To Love & To Lead: Staff Discussions


Posted on Oct 23, 2018 by Max Goins, Congregational Care Pastor


Speaking of Jesus, we read in Hebrews, “Hence, also, He is able to save forever those who draw near to God through Him since He always lives to make intercession for them.”  (Hebrews 7:25)

The Apostle Paul in writing to the Christians in Rome said, “He who did not spare His own Son, but delivered Him up for us all, how will He not also with Him freely give us all things?  Who will bring a charge against God’s elect?  God is the one who justifies; who is the one who condemns?  Christ Jesus is He who died, yes, rather who was raised, and who is at the right hand of God, who also intercedes for us.  (Romans 8:32-34)

These two scriptures emphasize to us, that Christ lives to intercede for those who love him.  It stands to reason then, that those of us who follow Jesus should also have a life of intercession for the world around us.

There is a prayer tower on a mountain overlooking a cemetery and the Moravian village of Herrnhut, which is located on the southeastern border of Germany, across from Poland, and the Czech Republic.  Gravestones in the cemetery mark the resting place of saints of God who began a revival in the 18th century that has remnants lasting today.

On May 12, 1727, Count Nicholas Von Zinzendorf addressed the community for three hours on the blessedness of Christian unity. The people sorrowfully confessed their past quarreling and promised to live in love and simplicity. Herrnhut became a living congregation of Christ. The entire summer of 1727 was a golden one at Herrnhut as the community worked together in peace and love. There was eager anticipation that more was to come.

As the Christians of Herrnhut learned to live, work, and pray together, something marvelous occurred.  After a wonderful Summer of togetherness, in August a group of twenty-four men and twenty-four women committed to pray at least an hour a day in intercession for the world.  As word of their commitment spread, many others joined in this prayer ministry.  

For over 100 years, members of the Moravian church continued nonstop in this "Hourly Intercession." All Moravian adventures were begun, surrounded, and consummated in prayer.
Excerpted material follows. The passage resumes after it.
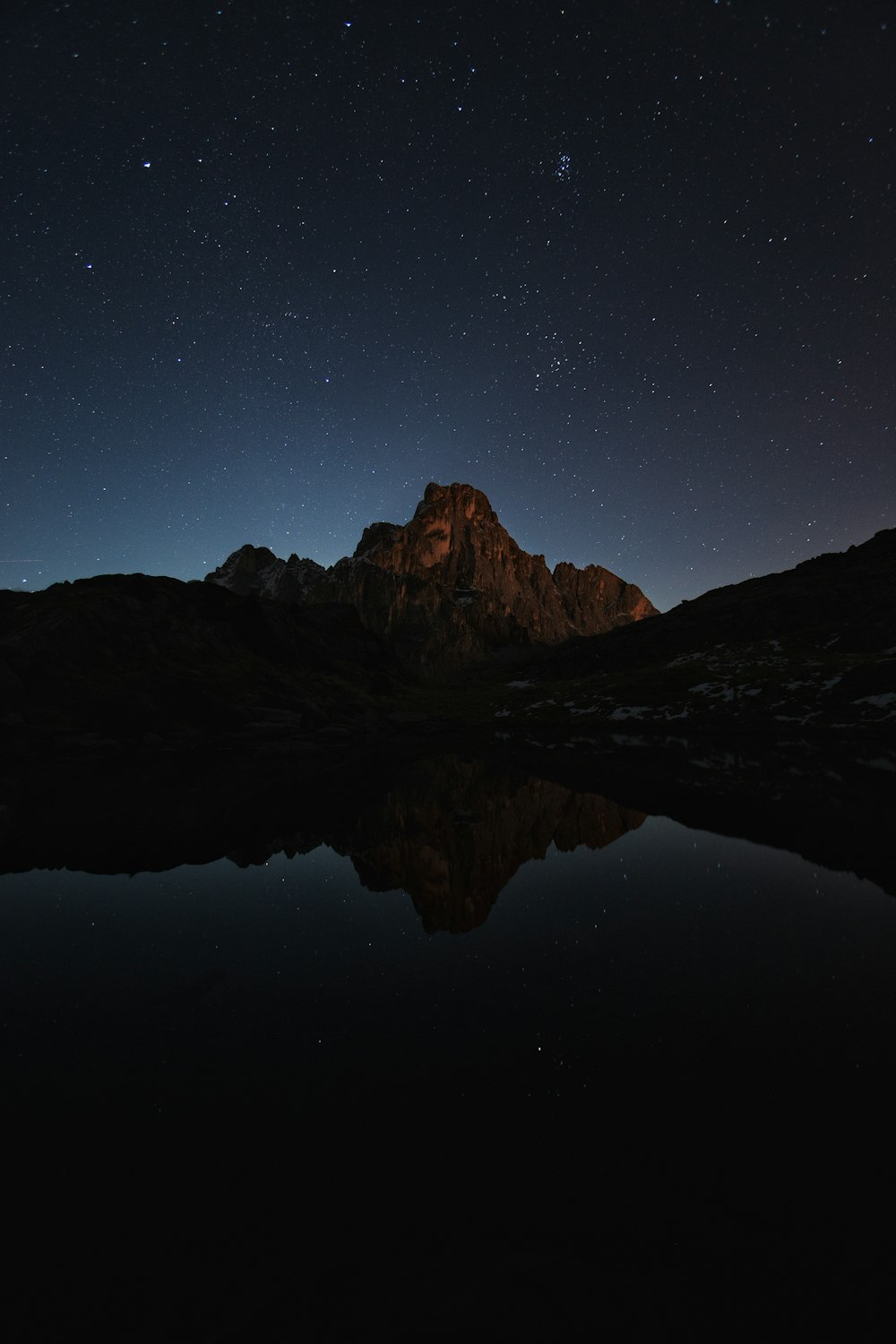 lake near mountain during night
They became known as "God's Happy People." They launched a missionary society in a time when Protestant missions were unknown. The first missionaries, two young men, declared their willingness to become slaves if necessary to reach the slaves in the West Indies with the Gospel. Within fifteen years of the revival, the Moravians at Herrnhut had established missions in the Virgin Islands, Greenland, Turkey, the Gold Coast of Africa, South Africa, and North America. They endured unspeakable hardships. Many died in difficult circumstances. But as fast as they died, others came forth to take their places.  (The Lost Art of Intercession by James W. Goll)

It has become my ambition to be such an intercessor.  I want to follow the example of my Lord and savior to live to intercede for the world.  I would invite you to consider joining me in intercessory prayer like Count Zinzindorf and the Moravians.